*** Task material Section Begins ***

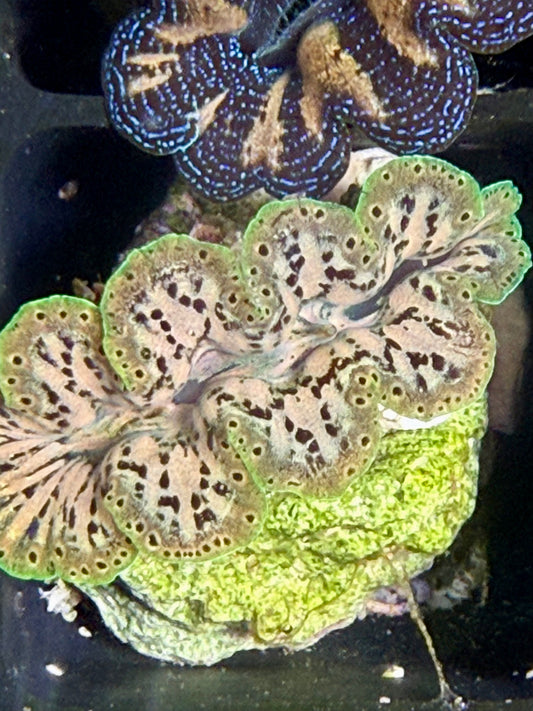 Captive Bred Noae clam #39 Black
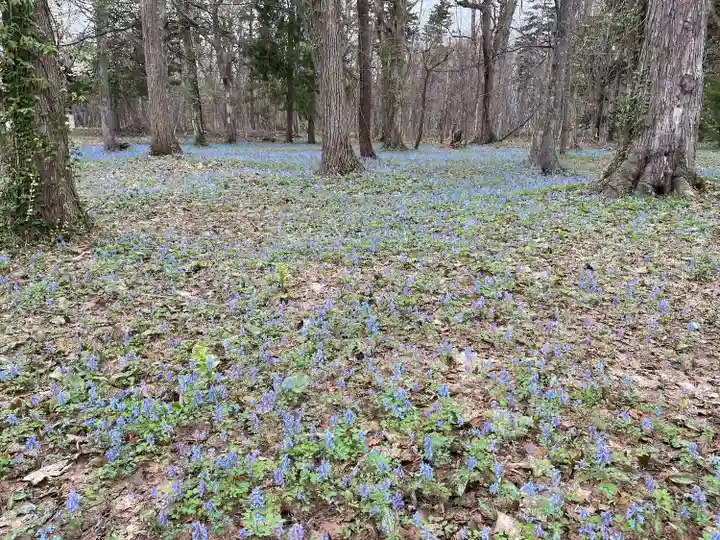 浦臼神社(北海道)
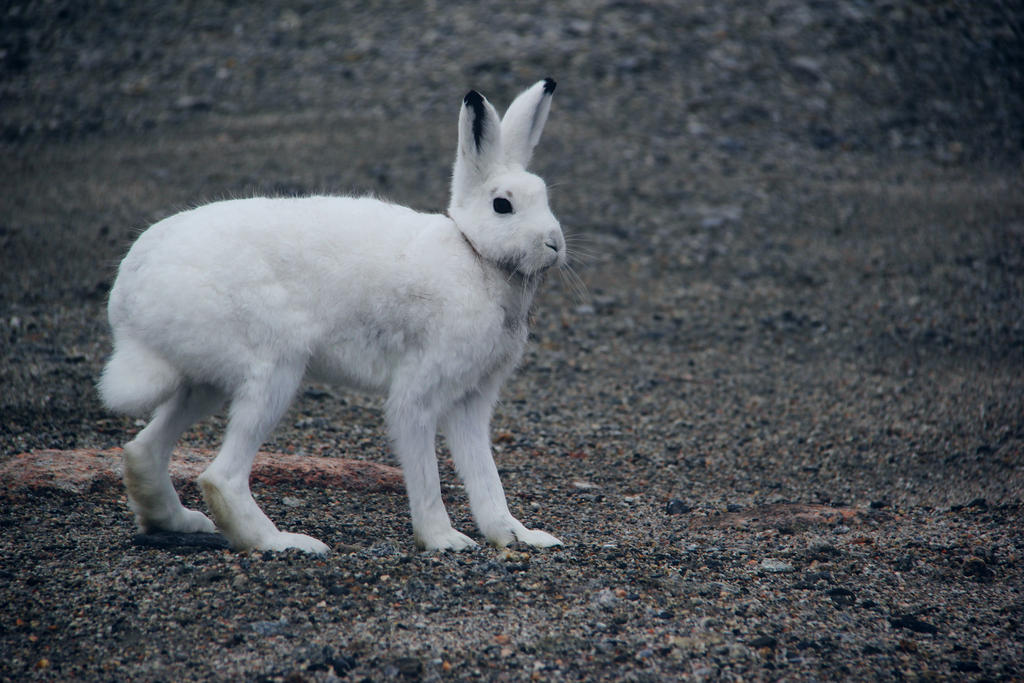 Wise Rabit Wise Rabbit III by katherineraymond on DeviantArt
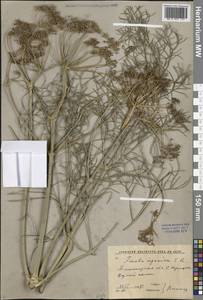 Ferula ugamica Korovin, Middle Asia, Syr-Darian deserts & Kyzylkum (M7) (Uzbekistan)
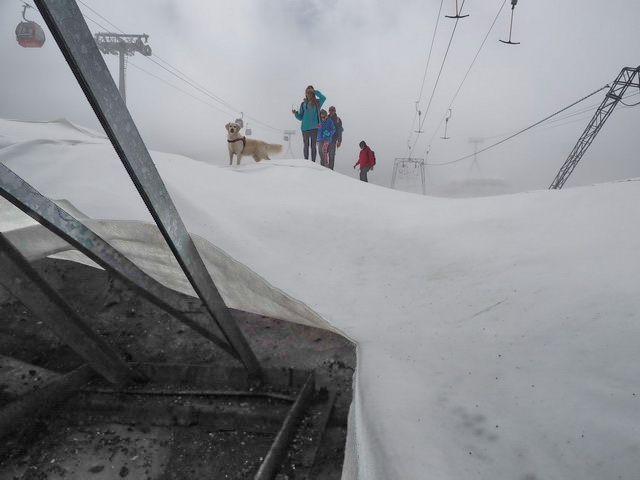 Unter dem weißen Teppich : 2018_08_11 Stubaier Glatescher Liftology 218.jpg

*** Task material Section Ends ***
*** Task material Section Begins ***

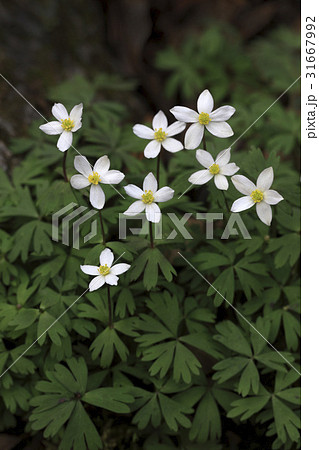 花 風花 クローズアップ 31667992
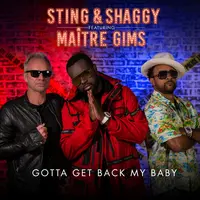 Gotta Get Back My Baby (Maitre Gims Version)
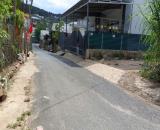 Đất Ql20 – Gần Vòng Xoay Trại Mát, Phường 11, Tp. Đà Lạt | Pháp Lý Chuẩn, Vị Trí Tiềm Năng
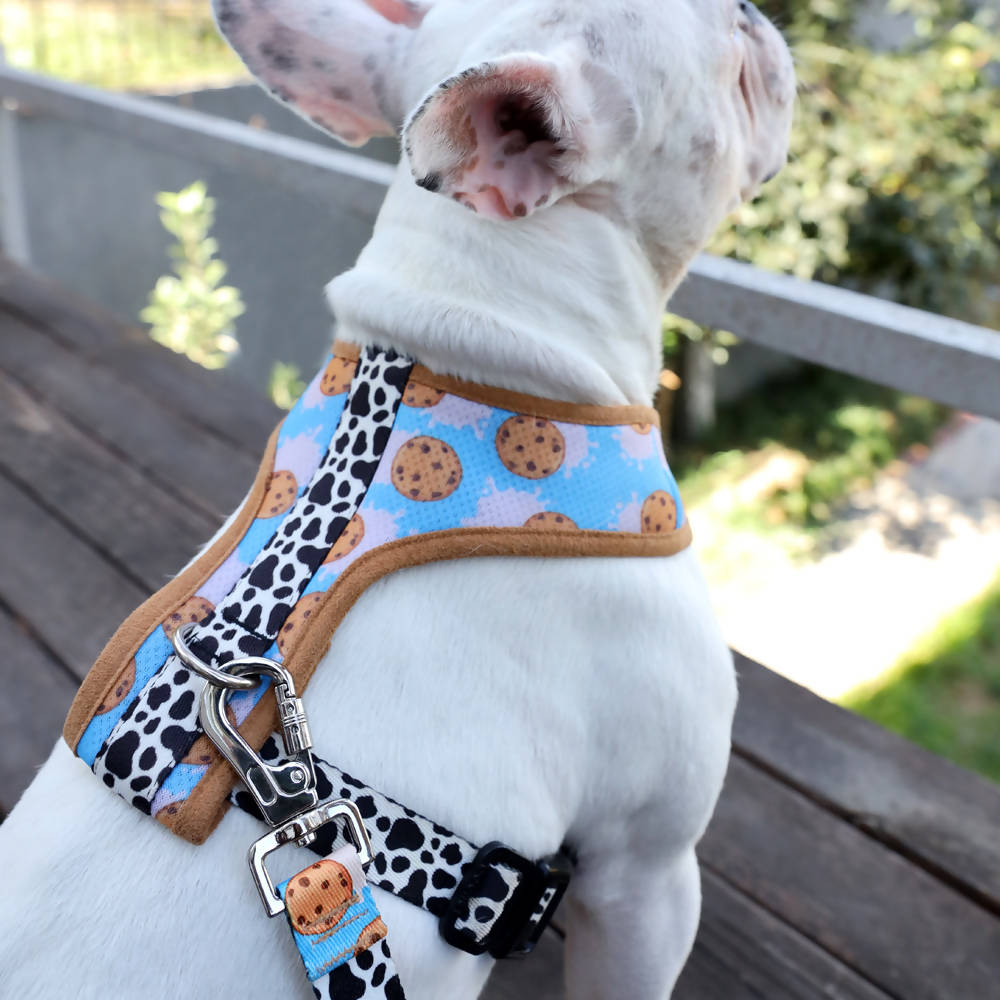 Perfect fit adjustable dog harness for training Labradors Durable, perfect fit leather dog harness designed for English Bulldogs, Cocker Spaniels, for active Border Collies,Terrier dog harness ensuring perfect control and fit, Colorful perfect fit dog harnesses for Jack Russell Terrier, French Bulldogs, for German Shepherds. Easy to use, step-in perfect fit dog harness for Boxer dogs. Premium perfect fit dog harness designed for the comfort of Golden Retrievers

*** Task material Section Ends ***

▶ _Your objective_
Start with the line above containing "Ferula ugamica Korovin, Middle" and end with the line containing "Unter dem weißen". Set down that stretch exactly, without any pictures.

▶ _Exercise output_
 Ferula ugamica Korovin, Middle Asia, Syr-Darian deserts & Kyzylkum (M7) (Uzbekistan)
 Unter dem weißen Teppich : 2018_08_11 Stubaier Glatescher Liftology 218.jpg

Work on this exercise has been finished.